**EXERCISE DIRECTIONS:**
Starting at the first line of the listing below, retype each line up to and including the one that contains "2000 Heron Ln, Gautier, MS 39553". Leave pictures out.

══════════

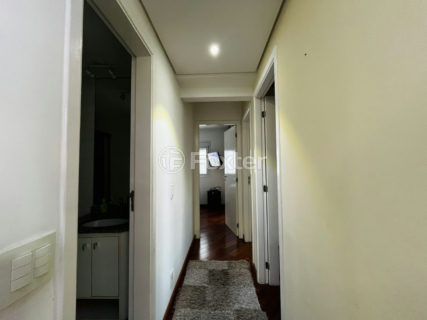 Image 7 - 1032093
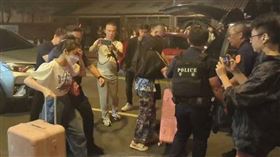 北市萬華分局日前前往鑽石大樓應召站「清樓」，除逮捕主嫌陳明傑及相關幹部，也逮捕了31名外籍與台籍小姐。（圖／翻攝畫面）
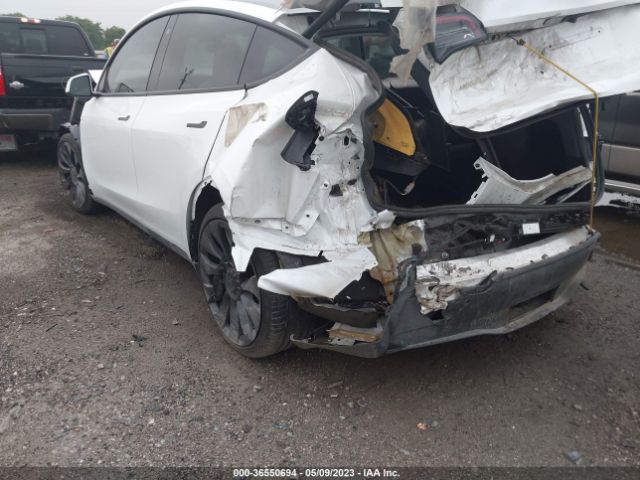 7SAYGDEF8NF539528 Tesla Model Y Performance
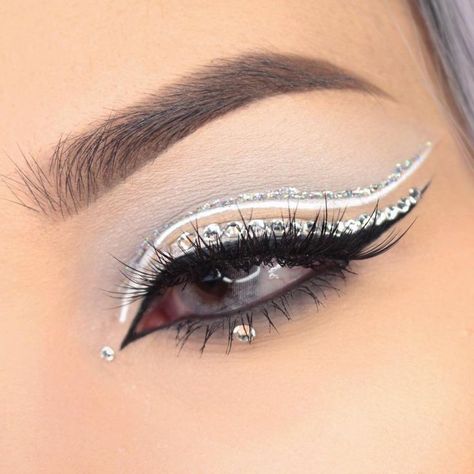 Eyeshadow Looks Sparkle, White Eyeshadow Looks, Egyptian Eye Makeup, White Eye Makeup, Competition Makeup, White Quince, Eyeliner Designs, Polar Lights, Silver Makeup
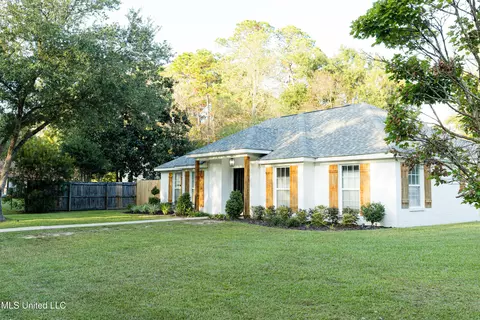 2000 Heron Ln, Gautier, MS 39553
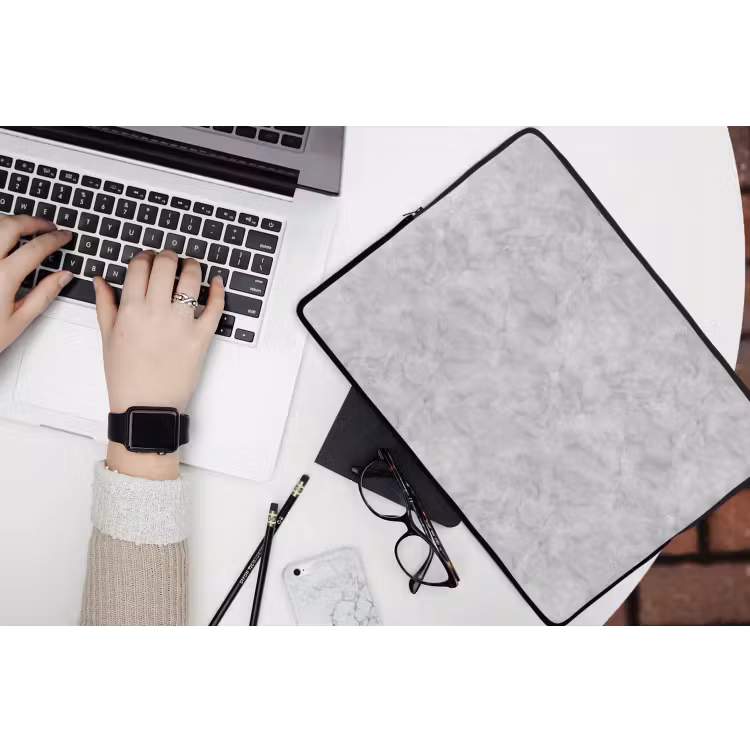 Grijs - Marmer - Mat laptophoes neopreen klein 279 -bureau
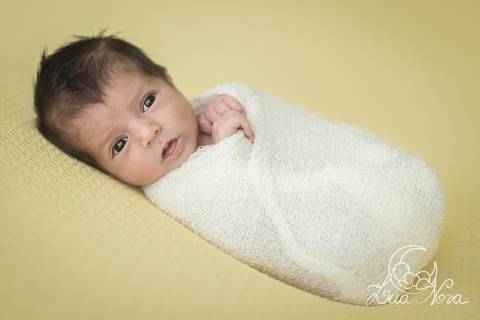 bebe acordado recem nascido newborn'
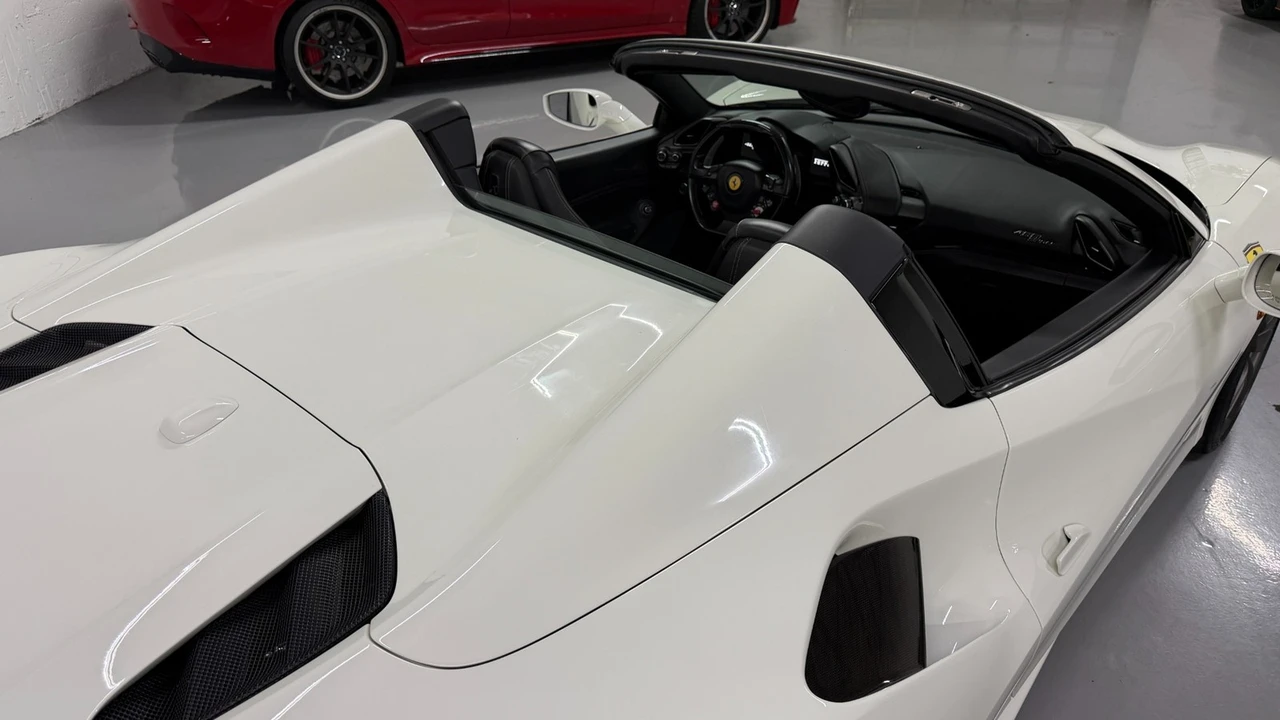 2019 Ferrari 488 Spider - Image 14 of 31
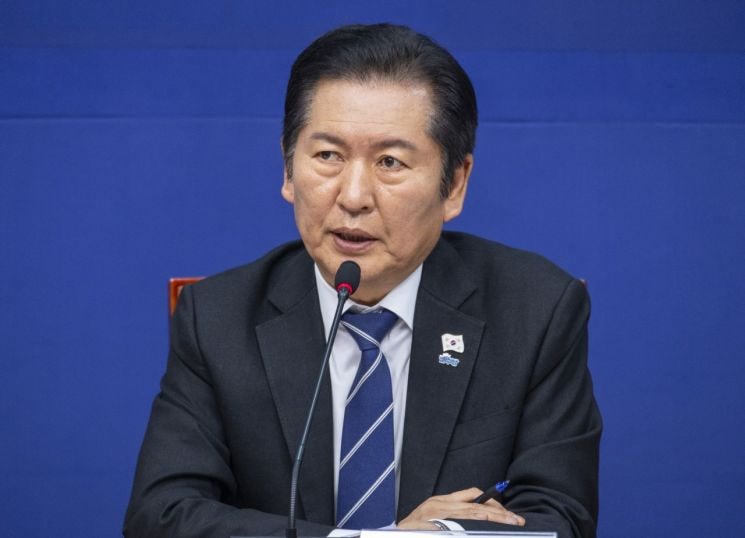 <b>민주당</b> ‘대의원·권리당원 1인1표’ <b>개정</b>안…당원 86% 압도적 지지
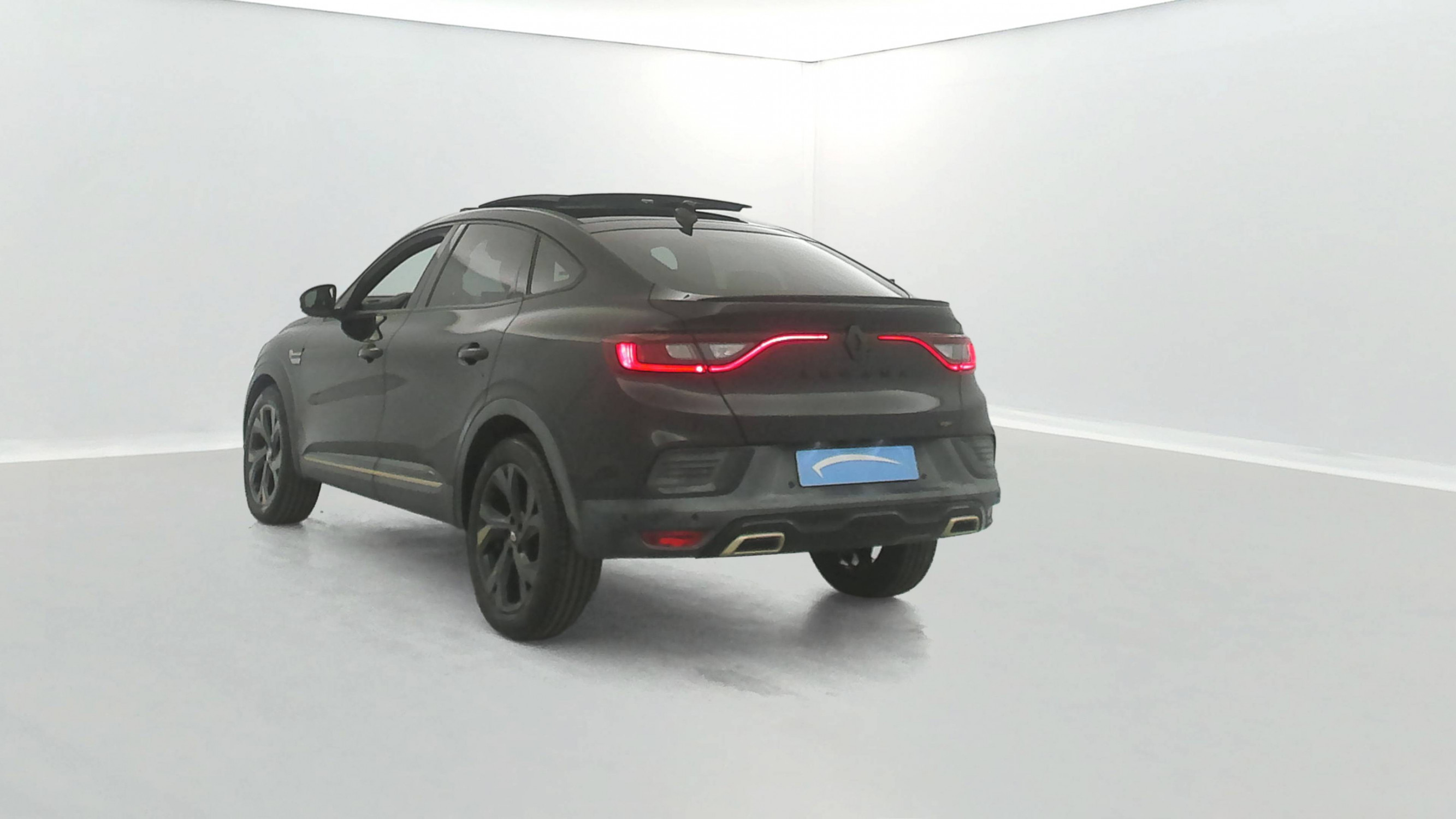 Vente en ligne Renault Arkana  E-Tech hybride 145 - 22 au prix de 21 990 €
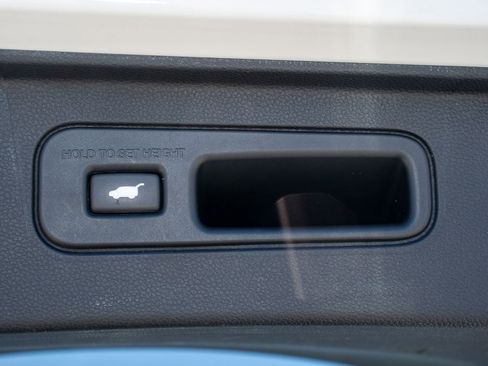 Certified 2023 Honda Pilot Touring image 12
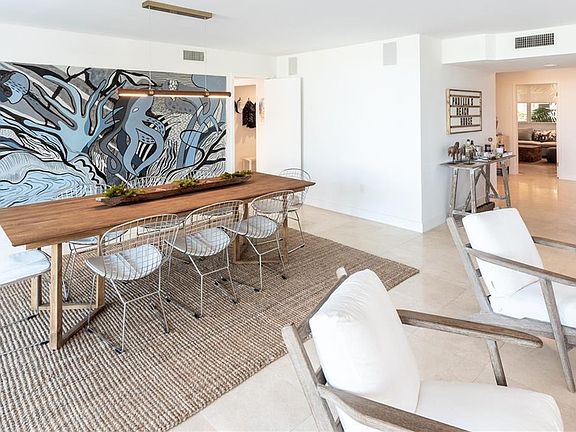 3rd image of 600 Grapetree Dr APT 4CN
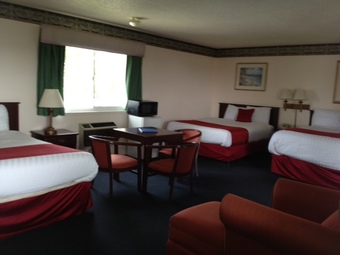 Hotel Courtesy Inn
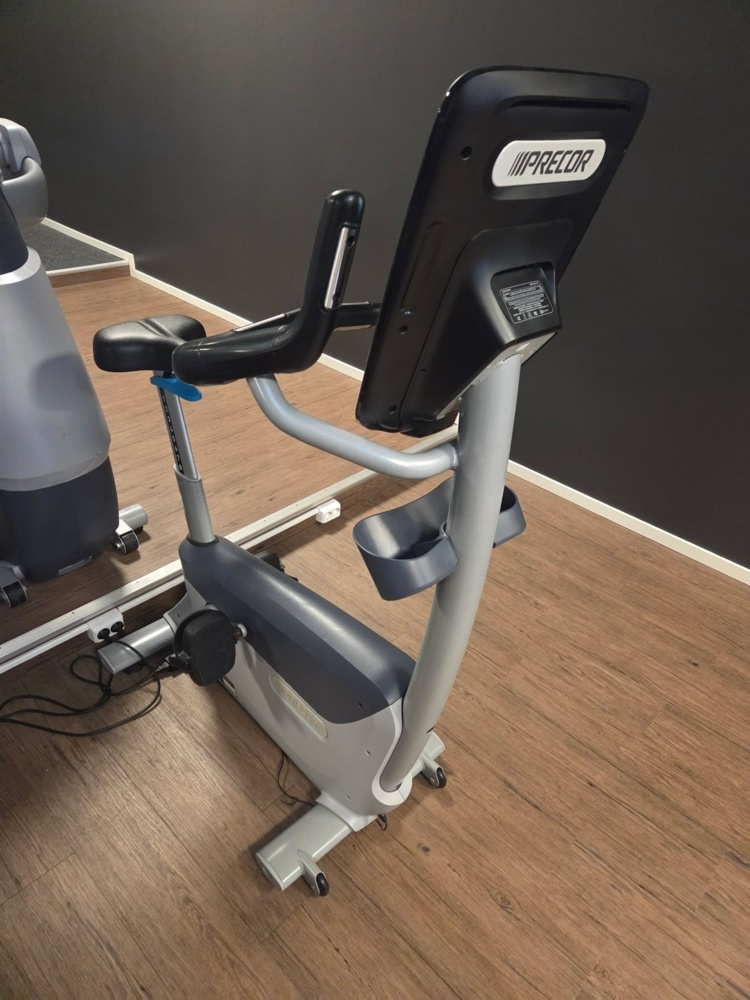 1475368-1 Motionscykel UBK (Upright Bike) - Precor UBK865 med P62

══════════

**EXERCISE RESULT:**
 Image 7 - 1032093
 北市萬華分局日前前往鑽石大樓應召站「清樓」，除逮捕主嫌陳明傑及相關幹部，也逮捕了31名外籍與台籍小姐。（圖／翻攝畫面）
 7SAYGDEF8NF539528 Tesla Model Y Performance
 Eyeshadow Looks Sparkle, White Eyeshadow Looks, Egyptian Eye Makeup, White Eye Makeup, Competition Makeup, White Quince, Eyeliner Designs, Polar Lights, Silver Makeup
 2000 Heron Ln, Gautier, MS 39553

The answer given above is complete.